President Barack Obama has given what was supposed to be his final address to the U.N. General Assembly, and it was a defeatist doozy on the inadequacy of military power in the struggle against Islamist extremism in Syria and elsewhere.
By extension, since the U.S. is the world’s preeminent military power, that would mean our president essentially said we can’t win.
Noting the longstanding buildup of militant forces within Islam that have fueled the Islamic State group, Obama cast doubt on the viability of a military solution, The Daily Caller reported.
“If we are honest, we understand that no external power is going to be able to force different religious communities or ethnic communities to coexist for long,” Obama said.
The president said we must “be honest about the nature of these conflicts and our international community must continue to work with those who seek to build rather than to destroy.”
While he granted that this process would have a military component, he also referred to “a place like Syria, where there’s no ultimate military victory to be won.”
Obama recommended that we “pursue the hard work of diplomacy that aims to stop the violence and deliver aid to those in need and support those who pursue a political settlement and can see those who are not like themselves as worthy of dignity and respect.”
You can watch here; the relevant portion of the video begins at 29:30.

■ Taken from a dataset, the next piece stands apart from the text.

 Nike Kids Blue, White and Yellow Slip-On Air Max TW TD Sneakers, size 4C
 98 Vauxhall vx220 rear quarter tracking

We could be forgiven for wondering how any of this is supposed to work if we are led by liberal politicians who are reluctant to admit the often-obvious link between violence and radical Islam and who are more likely to criticize Christians than jihadists.
We also wonder how any of this is supposed to work if we are led by liberal politicians who have so conspicuously failed to “see those who are not like themselves as worthy of dignity and respect.”
It’s not going to work as long we call the good guys deplorable and the bad guys a religion of peace.
Think about it between now and November. You’ll know what to do.